# PE exam question 49



## yaoyaodes (Apr 27, 2021)

A balanced 3 phase load with a power factor of 0.8 lagging is connected as show.

I am so confused with this question and solution.


----------



## DLD PE (Apr 27, 2021)

You can do a search for any NCEES problem and find it here. Just type "NCEES #____" in the search bar. Also remember problem #49 used to be numbered #509 in the older NCEES practice exam books.









2 Watt Meter Method


Greetings. I am missing something fundamental in regards to developing the equations for the two watt metering method. I can develop the phasor diagrams that depict the voltages and currents and the phase angles between them, see attached. As I interpret the completed phasor diagram...




engineerboards.com


----------



## akyip (May 3, 2021)

I'll try to explain this as best as I can with what I remember Zach Stone's Electrical PE Review course taught about 2-wattmeter method.

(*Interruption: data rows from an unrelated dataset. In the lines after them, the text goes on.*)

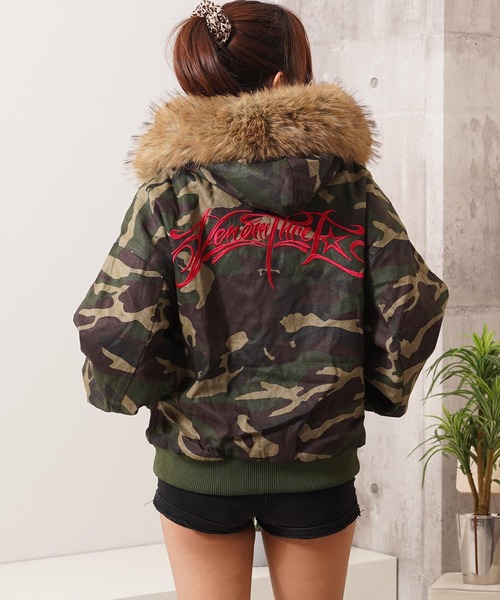 フードファー クロップド 迷彩 ジャケット / Hooded Cropped Camo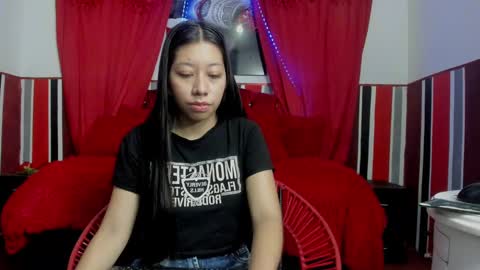 Snapshot of sexylaurita4u chatting on February 2025 11:11:02 AM laura online show from February 2025 11:11:02 AM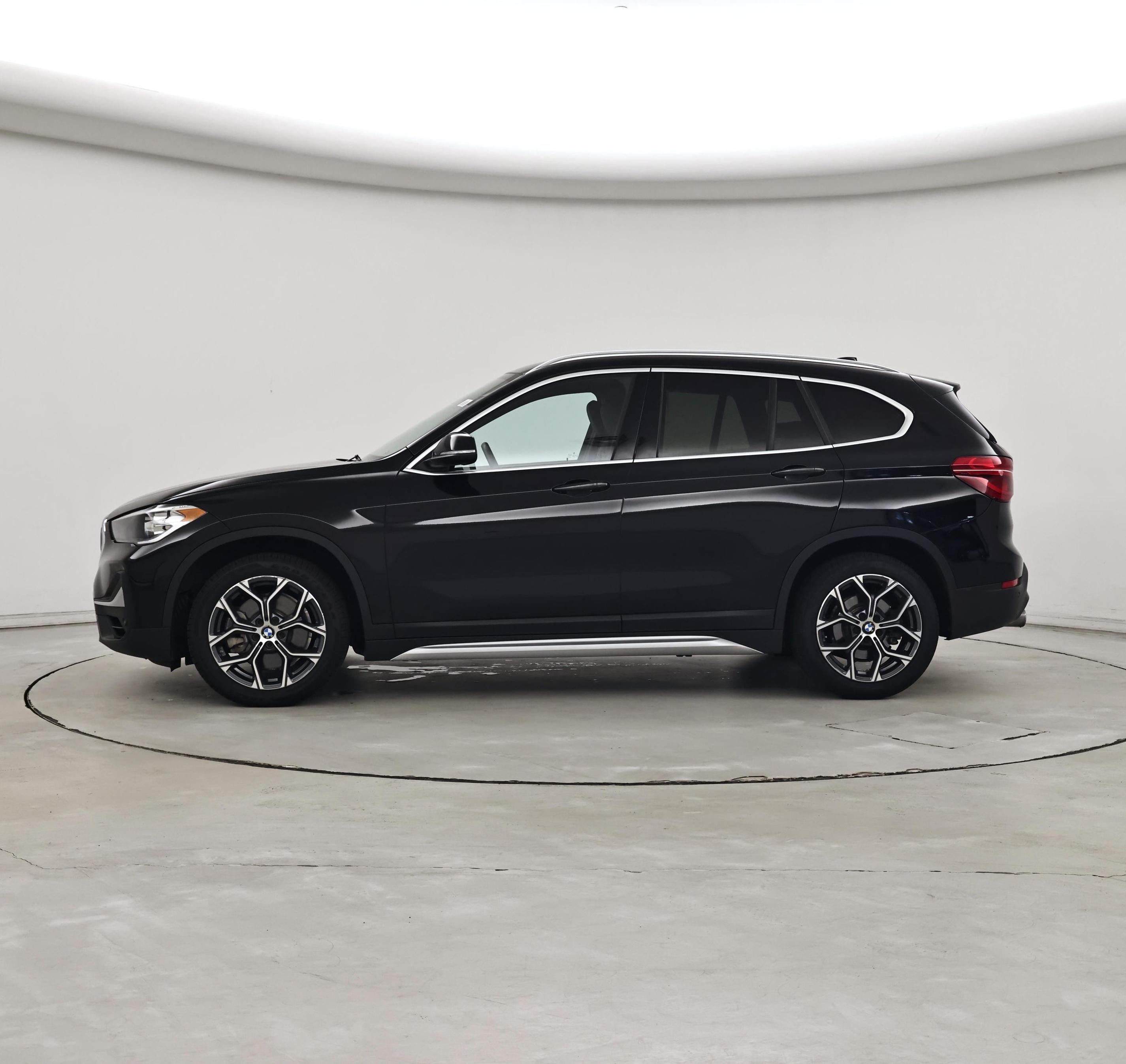Thumbnail: 2022 BMW X1 - 3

In a 2-wattmeter method, the two wattmeters are ALWAYS connected such that:

They share the same common negative terminal connection point.
Here, the common negative terminal point is the B phase.
They have different positive terminal connection points.
Wattmeter W1's positive terminal is the C phase, and Wattmeter W2's negative terminal is the A phase.
For each wattmeter's connection going from the positive terminal to the negative terminal:

The wattmeter that is connected in the positive or ABC sequence (AB, BC, or CA) will have its real power formula as: P = VLL * IL * cos(theta + 30).
In this problem, Wattmeter 2 is connected from A to B, which is the positive or ABC sequence.
So: P W2 = VLL * IL * cos(theta + 30)
The wattmeter that is connected in the negative or CBA sequence (CB, BA, or AC) will have its real power formulas as: P = VLL * IL * cos(theta - 30)
In this problem, Wattmeter 1 is connected from C to B, which is the negative or CBA sequence.
So: P W1 = VLL * IL * cos(theta - 30)
The 2 wattmeters will have the same real power readings when theta = 0, which corresponds to pf = 1. The reason is that the cosine function is symmetrical about the origin theta = 0 (it is an even or evenly symmetrical function about theta = 0). So cos(-x) = cos(x).

When theta = 0:

cos(0 - 30) = cos(0 + 30)
cos(-30) = cos(+30) = 0.866
Power factor: pf = cos(0) = 1
I hope that this explanation helps. I also included a few illustrations to try to reinforce my explanation.


----------



## Zach Stone P.E. (May 4, 2021)

akyip said:


> I'll try to explain this as best as I can with what I remember Zach Stone's Electrical PE Review course taught about 2-wattmeter method.
> 
> In a 2-wattmeter method, the two wattmeters are ALWAYS connected such that:
> 
> ...


Thanks for the mention @akyip!


----------